1. ## Difficult integrals

$\int\frac{xsinx}{1+(cosx)^{2}}dx$
$\int_{-\infty }^{\infty }e^{-x^{2}}dx$
$\int\frac{\sqrt{\sqrt{x^4 + 1}-x^{2}}}{x^4 + 1}dx$
$\int\frac{\sqrt{x}ln(x)e^{x}x^{3}}{\sqrt{lnx}}dx$
I have been working on these integral for 4 weeks... haven't been able to get anything yet. I am preparing for a competition and came across these bad boys.

2. ## Re: Difficult integrals

I found the solution to the second integral. It turned out to be the Gaussian Integral!

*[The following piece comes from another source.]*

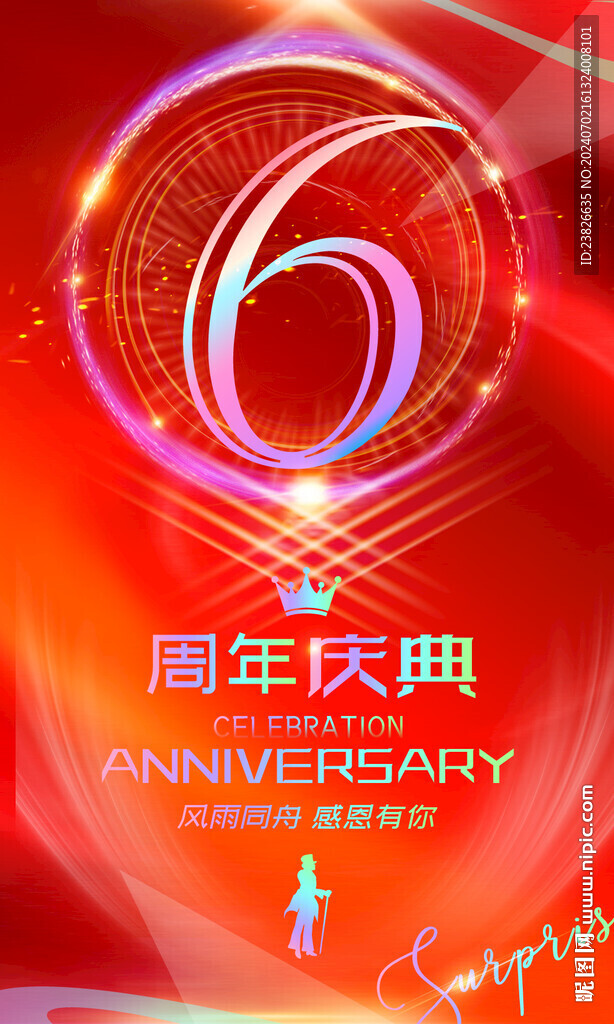 6周年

3. ## Re: Difficult integrals

I ve done for you the first one. Doesnt seem to have any sense but maybe I made a typing mistake.

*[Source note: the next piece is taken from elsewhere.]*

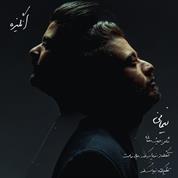 Nimani – Angize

http://integrals.wolfram.com/index.jsp?expr=(x*sin(x))%2F(1+%2B+cos(x)^2)&rando m=false

4. ## Re: Difficult integrals

Originally Posted by smokesalot
$\int\frac{xsinx}{1+(cosx)^{2}}dx$
$\int_{-\infty }^{\infty }e^{-x^{2}}dx$
$\int\frac{\sqrt{\sqrt{x^4 + 1}-x^{2}}}{x^4 + 1}dx$
$\int\frac{\sqrt{x}ln(x)e^{x}x^{3}}{\sqrt{lnx}}dx$
I have been working on these integral for 4 weeks... haven't been able to get anything yet. I am preparing for a competition and came across these bad boys.
$\displaystyle \int{\frac{x\sin{(x)}}{1 + \cos^2{(x)}}\,dx}$

Use integration by parts with $\displaystyle u = x \implies du = dx$ and $dv = \frac{\sin{(x)}}{1 + \cos^2{(x)}} \implies v = -\arctan{ \left[ \cos{(x)} \right] }$ and the integral becomes

$\displaystyle \int{\frac{x\sin{(x)}}{1 + \cos^2{(x)}}\,dx} = -x\arctan{\left[ \cos{(x)} \right]} + \int{\arctan{ \left[ \cos{(x)} \right]} \,dx}$

This does not have a closed-form solution in terms of elementary functions.

5. ## Re: Difficult integrals

wow nice, didn't see that! Thank you so much